Justice4Grainger campaign wins first victory

On 21 September, after a trial lasting nearly three weeks, the attempt by Greater Manchester Police (GMP) and the Crown Prosecution Service (CPS) to justify the police killing of Anthony Grainger failed when the jury found three men not guilty of conspiracy to rob. Shockingly, Anthony, although dead, had been named in the indictment alongside David Totton and Joseph Travers, passengers in the car when he was shot dead in March, and Robert Rimmer. The entire prosecution was an attempt by GMP to sully Anthony’s name and muddy the waters of the investigation into his death. It has failed. The Justice4Grainger campaign organised daily demonstrations outside the court with banners, placards and leaflets and chants of No Justice! No Peace!

At one point, from the public gallery campaign members saw Judge Henshaw reading a Justice4Grainger leaflet and discussing with the legal teams how to keep its information from the jury. The CPS had not wanted the police killing of Anthony to be a factor in the trial but their plans were now scuppered and the judge had to inform the jury that Anthony Grainger would feature in the case and that he had been shot dead by the police but stressed that: ‘the circumstances surrounding Mr Grainger’s death are not relevant to any issues in the case’. The judge also asked the media not to report the demonstration. The Manchester Evening News followed the judge’s instructions, instead covering the trial under the headline, ‘Man shot dead by police “had central role in robbery plot”’, thus colluding with the GMP’s smear campaign.

Justice4Grainger's court demonstrations were the latest in a summer of events. In July it held a successful street stall in Warrington, near where Anthony was shot. In August the campaign was out leafleting and petitioning at the Caribbean Carnival in Moss Side, Manchester and on 18 August it filled a coach to Birmingham to join a march in memory of Kingsley Burrell, a local young black man who died after being wrongly detained under the Mental Health Act. This march, supported by the nationwide United Friends and Family Campaign (UFFC), linked activists from different campaigns against police and state killings. Anthony’s mother Marina spoke, saying she was determined to get justice for her son, as did Charles Chinweizu from FRFI, calling for unity with all those wanting to fight for justice. Other speakers included Kingsley’s mother and sister along with Marcia Rigg, sister of police custody victim Sean Rigg. The campaign also participated in the Wigan Diggers Festival and put up notices in the area where Anthony was killed, calling for any witnesses of the police killing to contact the family’s legal team.

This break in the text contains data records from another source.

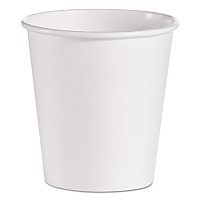 Solo Single-Sided Poly Paper Hot Cups, 10 oz, White, 1,000/Carton (SCC510W)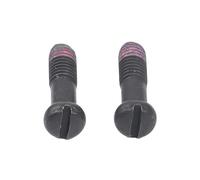 Kivivaka Lot de 2 vis mandrin en acier M6 x 22 mm BHP442 DDF453 | Lot de 2 vis M6 x 22 mm pour mandrin à tête plate HP457 BDF456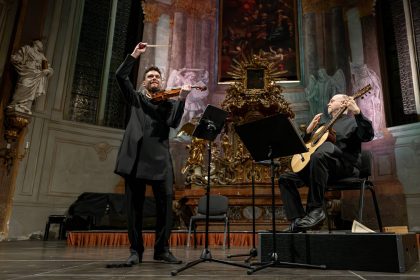 Symfonický orchestr hlavního města Prahy FOK: Niccolò Paganini, 31. března 2025, kostel sv. Šimona a Judy, Praha – Jiří Vodička a Pavel Steidl (foto Petr Dyrc)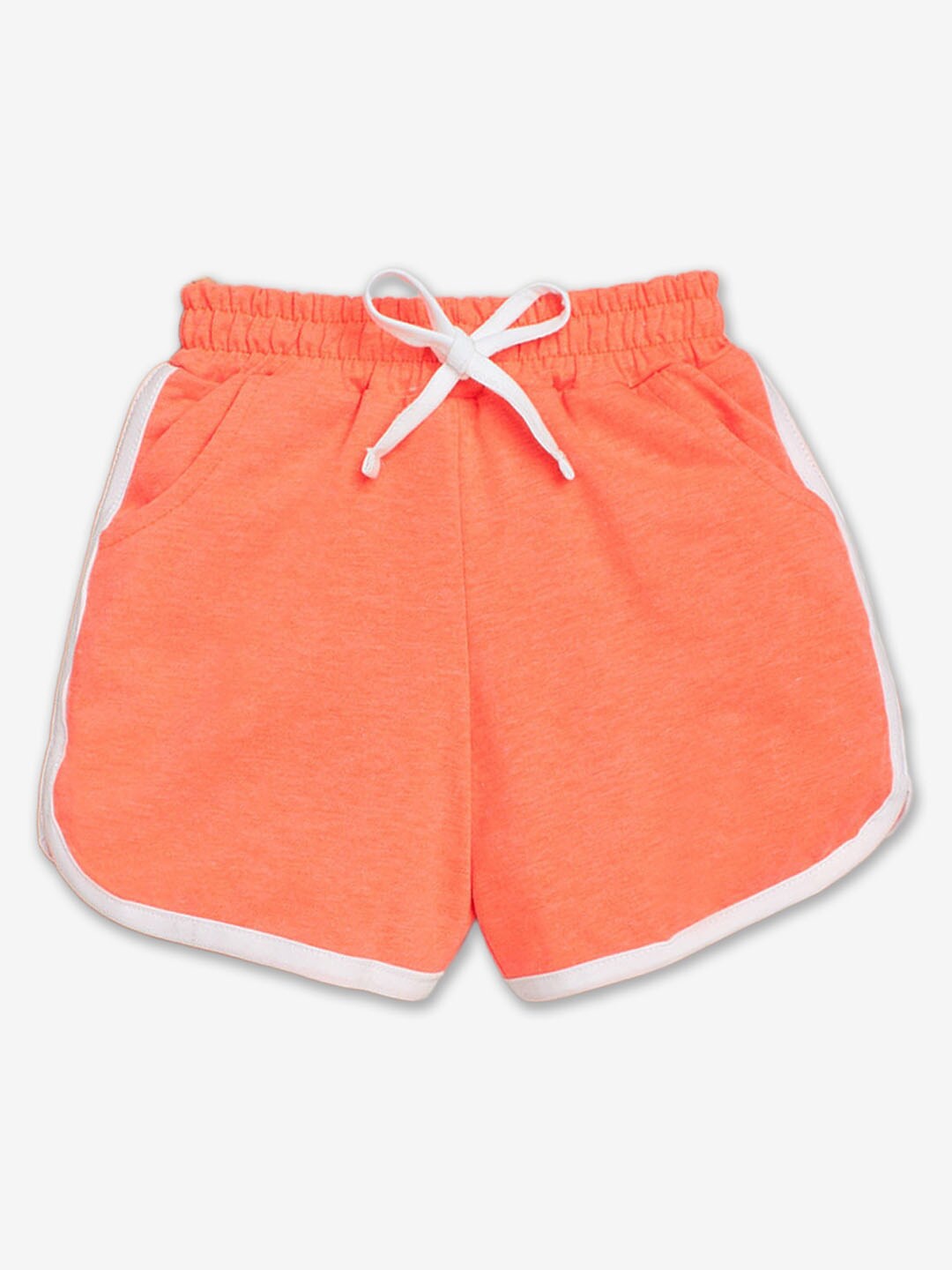 

Hopscotch Girls High-Rise Cotton Shorts, Pink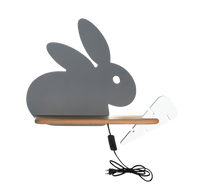 Lampa kinkiet półeczka 5W LED 4000K IQ Kids Rabbit szary 21-85184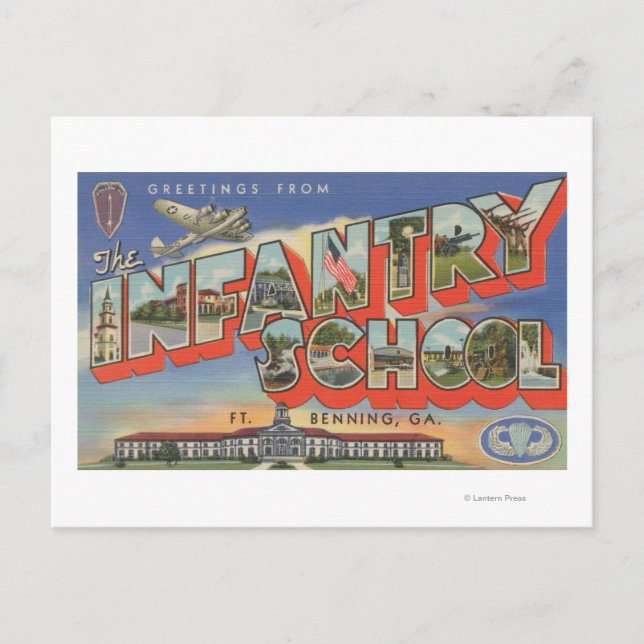 Ft. Benning, Georgien - Infantry School Vykort (Framsida)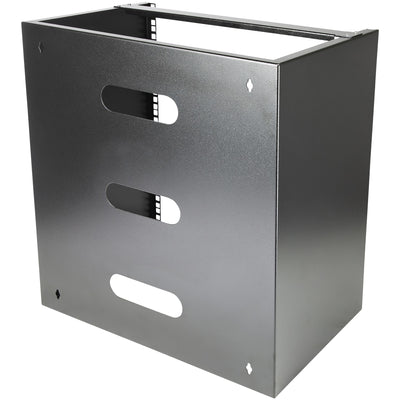 STARTECH .com rack cabinet 12U Wall mounted rack Black (WALLMNT12) - Cartouches Certifiees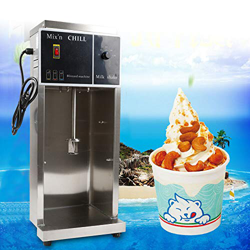 KinHall Máquina de hielo suave máquina de hielo helado yogur batido máquina enfriador de botellas comercial máquina de hielo de escritorio helado coch en oferta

As Wesley Ahmed, Anthony’s cousin and a leading member of the campaign, told FRFI: ‘We will be seeking out any witnesses to Anthony’s execution, we will also be informing the public that they [the GMP] have demonised Anthony’s character ... all over the news. The papers work alongside the police, this is the first step in their cover-up. Remember the Hillsborough disaster? 96 cover-ups, and the press misled the public. 116 amendments to the police statements – why has it taken 23 years for the truth to come out? If the police can try and cover up 96 deaths what will they do when they murder one person?’

The campaign has broken the media silence; Granada Reports featured an interview with Wesley Ahmed in the lead report on local TV news. The campaign has consistently linked Anthony’s death to the over 50 people shot and killed by the police and 950 deaths in police custody since 1990. The TV news report featured Wesley and Carole Duggan, aunt of Mark Duggan, shot dead by police in London in August 2011.

On 3 September the public inquiry began into the death of Azelle Rodney, shot six times and killed by police in the back of a stopped car in London in 2005; it is the first time a public inquiry has been set up to examine a death caused by police shooting. After the initial Independent Police Complaints Commission investigation the CPS decided there was ‘insufficient evidence’ to proceed with a trial. It was due to the persistence of Azelle’s mother, Susan Alexander, that it has got this far.

The success of Justice4 Grainger so far is based on its democratic and inclusive nature; people participating include family and friends, supporters of the campaign JENGbA, FRFI and other socialist groups and individuals. As part of our commitment to developing links with other similar campaigns we are building for the national UFFC demonstration in London on 27 October.